■ LISTED RECORDS:
⁂

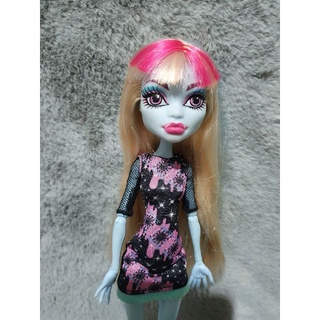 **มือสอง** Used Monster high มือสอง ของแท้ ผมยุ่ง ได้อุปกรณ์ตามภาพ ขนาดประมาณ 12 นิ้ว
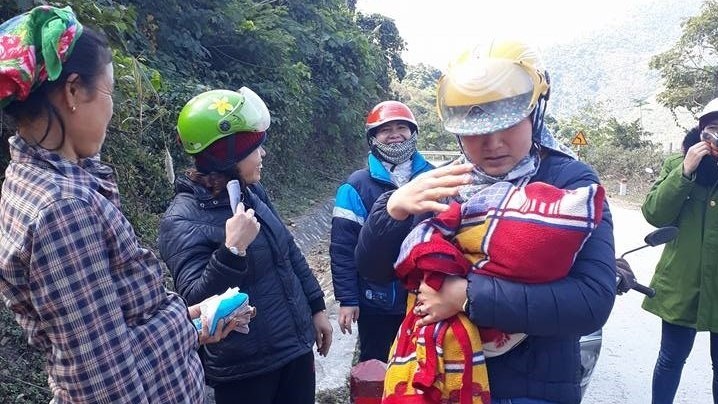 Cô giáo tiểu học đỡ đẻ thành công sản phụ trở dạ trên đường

⁂

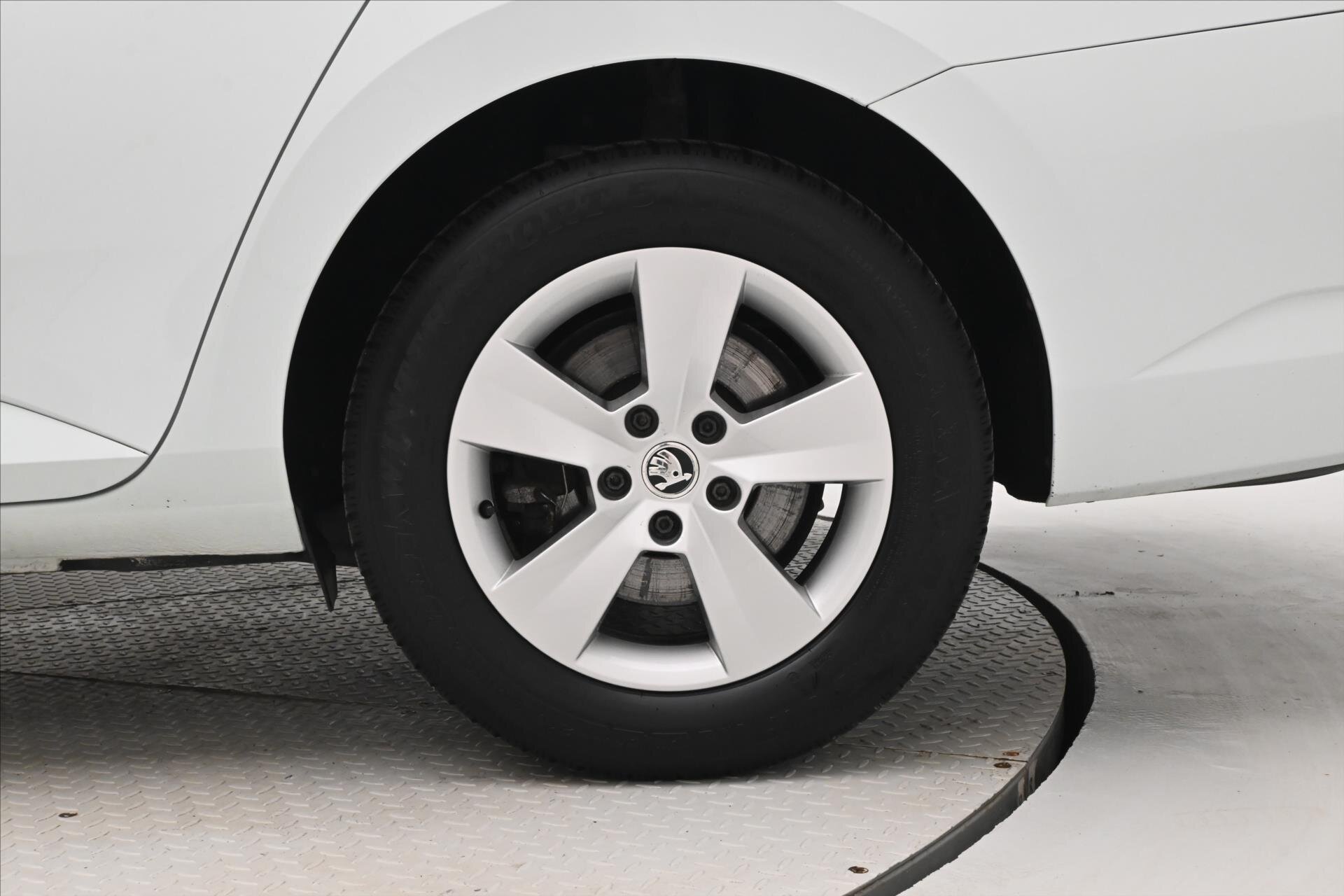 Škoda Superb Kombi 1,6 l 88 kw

⁂

■ WHAT NEEDS TO BE DONE: Leave the pictures out. Output, exactly, the lines of the material above starting at the line containing "ขนาดประมาณ 12 นิ้ว" and ending at the line containing "Cô giáo tiểu".

■ RESPONSE BOX:
 **มือสอง** Used Monster high มือสอง ของแท้ ผมยุ่ง ได้อุปกรณ์ตามภาพ ขนาดประมาณ 12 นิ้ว
 Cô giáo tiểu học đỡ đẻ thành công sản phụ trở dạ trên đường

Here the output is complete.